Dieses Übergangsregime ist sehr restriktiv und führt zu großen Problemen bei der Einführung neuer Produkte. Es wirft außerdem die Frage auf, nach welchen inhaltlichen Kriterien alte von neuen Produkttypen zu unterscheiden sind. Für die Unternehmen sind die Folgen erheblich. Auch die EU-Kommission sieht daher Handlungsbedarf. Sie hat bereits im Mai letzten Jahres einen Vorschlag unterbreitet, um dieses Problem zu entschärfen. Hiernach soll für alle behandelten Waren - und damit auch für Neuware - eine pauschale Übergangsfrist bis zum 1. März 2017 gelten.
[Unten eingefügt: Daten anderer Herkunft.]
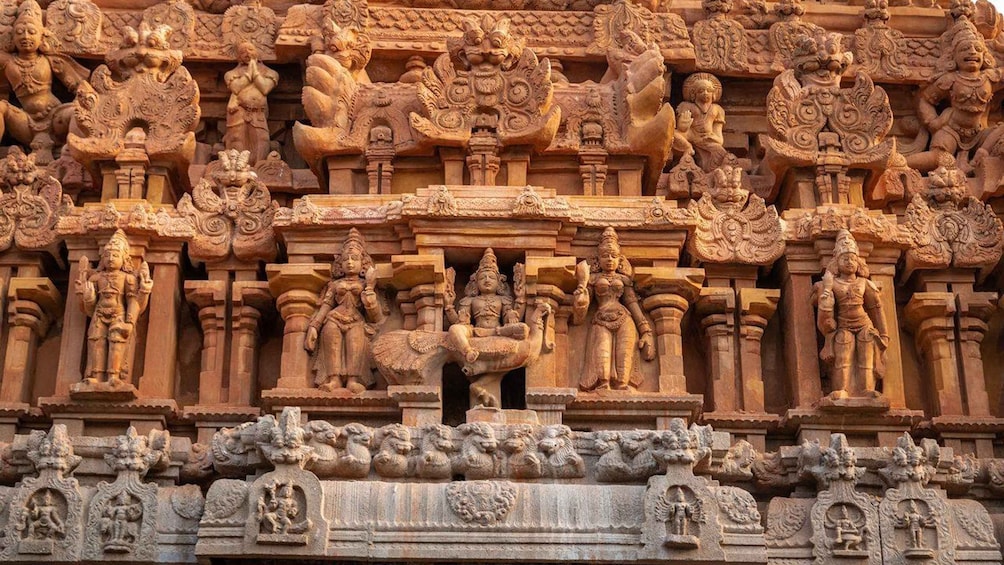 A detailed stone temple facade with intricate carvings of deities, mythological figures, and architectural elements. 5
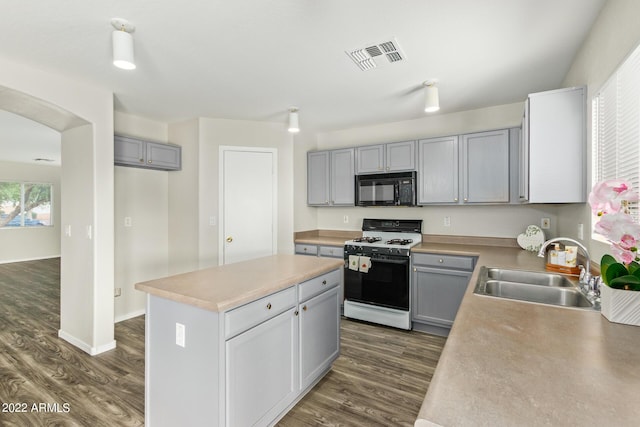 6537 W Riva Rd, Phoenix, AZ 85043 - kitchen with dark hardwood / wood-style floors, sink, gray cabinetry, a center island, and gas stove
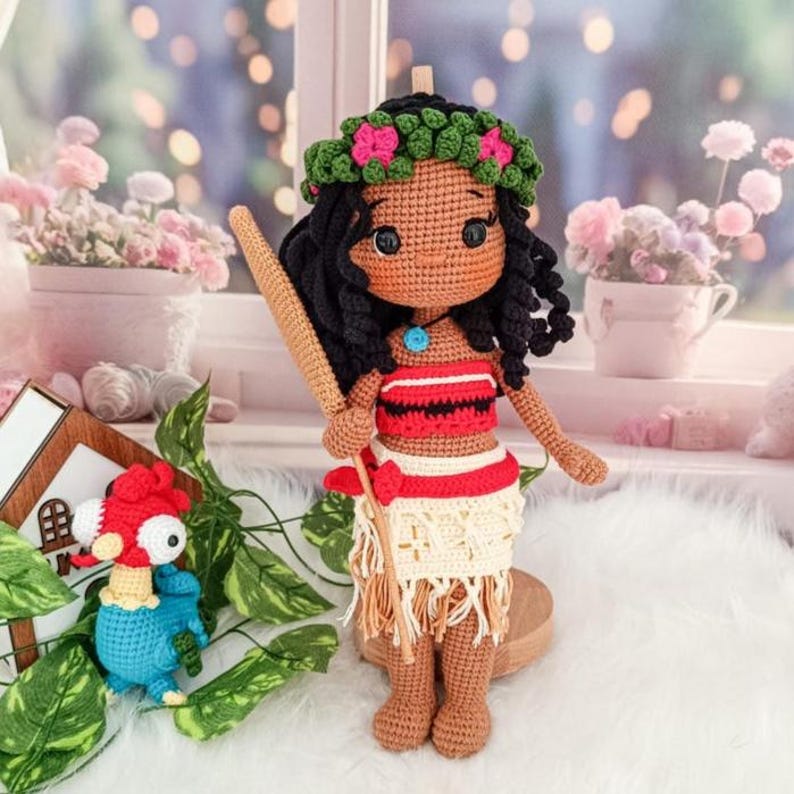 Op de afbeelding: Een gehaakte pop met een bruine huid, zwart haar en een bloemenkroon. Ze draagt een rood-zwart topje, een witte rok en een blauwe ketting. Ze houdt een houten stok in haar rechterhand.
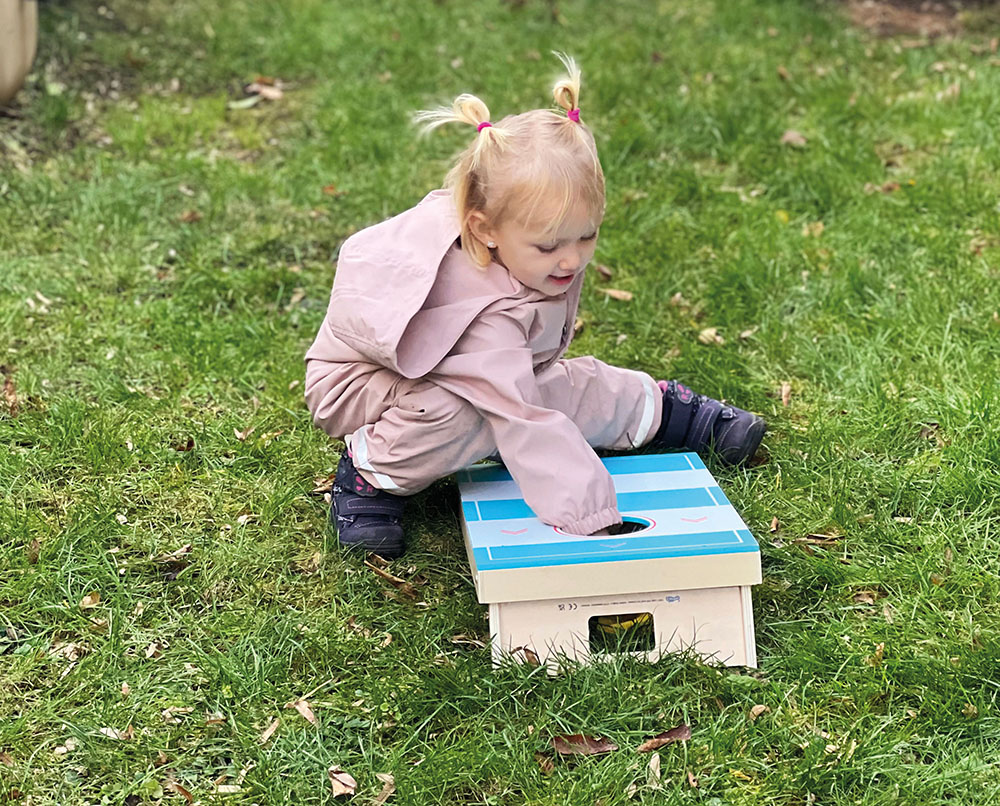 Kinder spielen Cornhole und Sling Puck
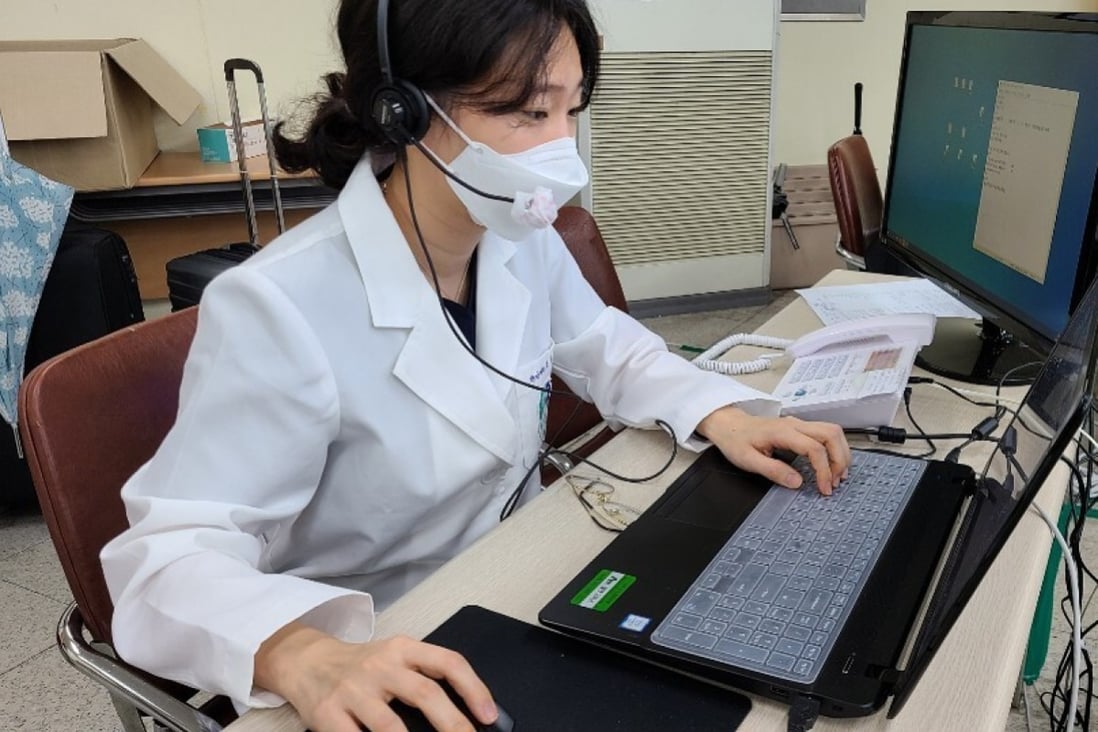 A doctor of Korean medicine communicates with a confirmed Covid-19 patient on March 29 at the Daegu telemedicine centre, temporarily set up at the Daegu Haany University Hospital. Photo: Handout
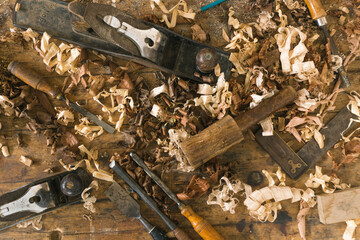 Carpentry tools. A carpenter's work table, full of tools and wood waste. Local carpentry of the town. Acerrin, material and tools. Elements of daily use in a craft carpentry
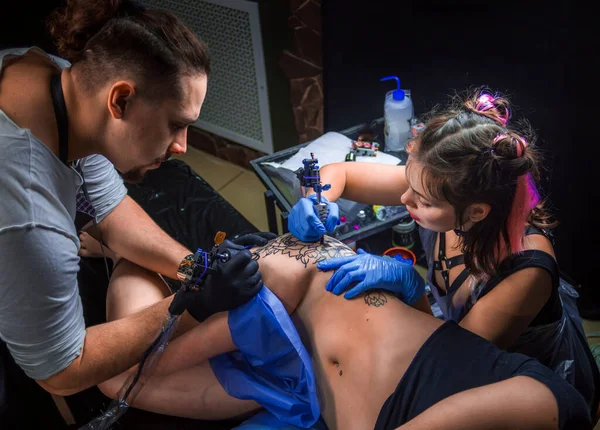 Tattooist does tattoo on the skin of his client in tattoo studio — Stock Photo, Image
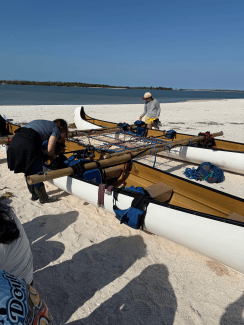 a group of canoes tied together with bamboo sticks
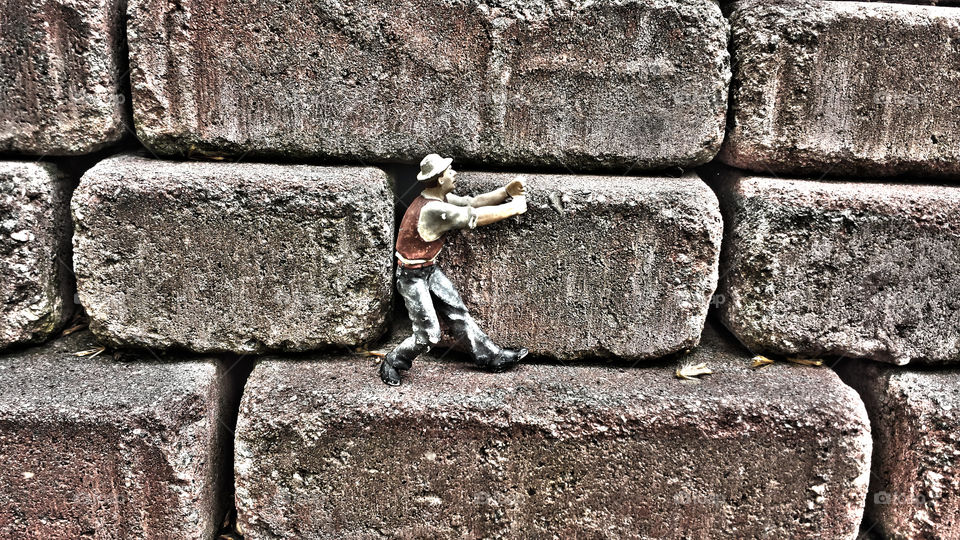 Old figurine toy on bricks . Found this guy figurine on top of small pyramid of bricks during a garden walk. 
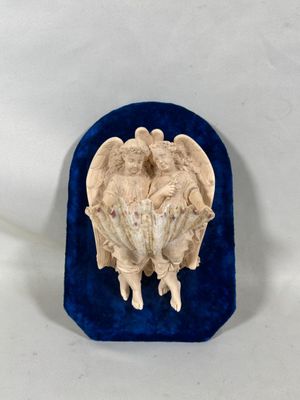 une image représentant une sculpture de deux anges posée sur un écrin en velours bleu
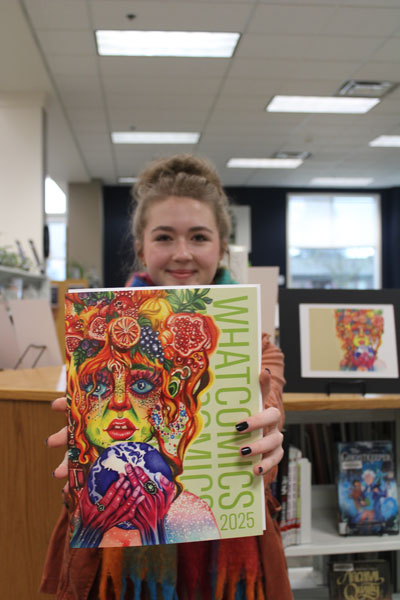 Artist holding Whatcomics publication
Der Vorschlag befindet sich derzeit im Gesetzgebungsverfahren. Mit welchem Inhalt und zu welchem Zeitpunkt er in Kraft treten wird, kann noch nicht abgesehen werden. An der geltenden Rechtslage ändert dies daher (noch) nichts. Die Unternehmen werden sich in der Zwischenzeit daran halten müssen. Ungeachtet dessen ist zu beachten, dass für die Kennzeichnungs- und Auskunftspflichten ohnehin keine Übergangsvorschriften existieren oder diskutiert werden. Diese Pflichten gelten seit dem 1. September 2013 uneingeschränkt für alle behandelten Waren. Zur Vermeidung nachteiliger Folgen ist den Unternehmen daher zu empfehlen, die neue Regulierung zeitnah umzusetzen.